On Tuesday, the Chicago Urban League released the second part in a series of research that examines the historic and current factors that support the practice and maintenance of racial segregation and its impact on Chicago’s African-American communities. The study, titled The Impact of Racial Residential Segregation on Education in a “No Excuses” Environment, examines the myriad of ways in which Chicago’s current educational system significantly disadvantages poor, African-American students.
“Our findings indicate that Illinois has the dubious distinction of being one of the worst states in the nation for equitable and fair funding of its schools by most national measures,” said Stephanie Bechteler, vice president and executive director of the League’s Research and Policy Center. At all levels – from the state, to the metropolitan area, to the Chicago school district – the burden of an inequitably funded system is borne most heavily by those who can least afford it. The students with the greatest needs and the communities with the highest rates of poverty are systematically shortchanged and further disadvantaged by our educational system.”
The data are based on an analysis of quantitative data from local experts, as well as data from publicly available national data sources such as the U.S. Census Bureau’s Public School System Finances, the National Center for Education Statistics and other similar sources. Qualitative interview and focus group data were gathered from issue-focused subject matter experts, including academics, activists/advocates, elected officials, human service providers, impacted persons and representatives from the educational, nonprofit and philanthropic communities.

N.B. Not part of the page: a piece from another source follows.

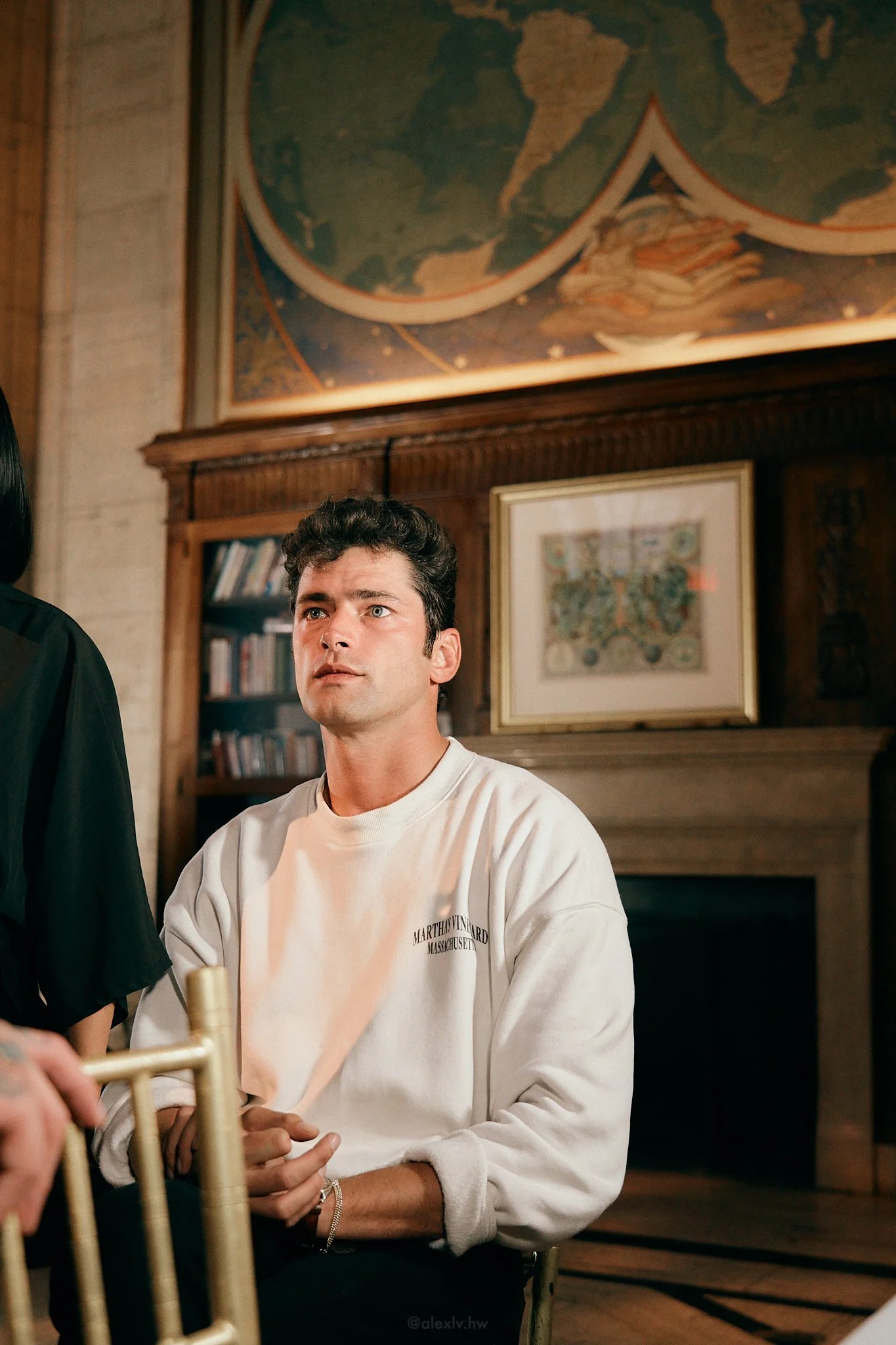 A young man with dark hair sitting in a room with wooden paneling, framed artwork, and a large map on the wall behind him. He is wearing a white sweatshirt with text on it and has his hands clasped in his lap.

“The findings in our report further confirm that the funding equation for schools in Illinois, especially Chicago, needs to be totally revamped,” said Shari Runner, President and CEO of the Chicago Urban League. “Further, we must ensure that schools and communities have the resources to fund comprehensive programs, services and supports to ensure student success.”
Other key findings from the report include the following:
Students in Chicago attend schools that receive less funding, but also have significantly higher numbers of poor students.
Analysis of Title 1 spending by the percentage of low-income children in Illinois school districts revealed overwhelming disparities in funds per-pupil and receipt of poverty alleviation funds by extremely affluent districts on the North Shore – like Kenilworth District 38 ($41,000) and Oak Grove District 68 ($82,000) with very few or no children in poverty.
Even in districts with few low-income students, these students perform worse on standardized tests than their higher-income peers.
In wealthier community areas with considerable community assets and economic stability, affluent families with higher incomes and more household resources can offset inadequate school funds.
The report goes on to outline a conceptual model that explains the specific disparities in the Chicago Public Schools and the vast differences in the educational experiences of students served within these schools. The concept of “Tipping Factors” is explored and lists the factors that either exacerbate or alleviate funding inequities. These “Tipping Factors” affect educational attainment but are also correlated with higher levels of community violence.
“We look forward to sharing this compelling information with city government, elected officials, members of the academic community, relevant organizations, parents, students and concerned citizens,” added Runner. “We will certainly need their input as we develop concrete strategies to remedy these educational inequities.”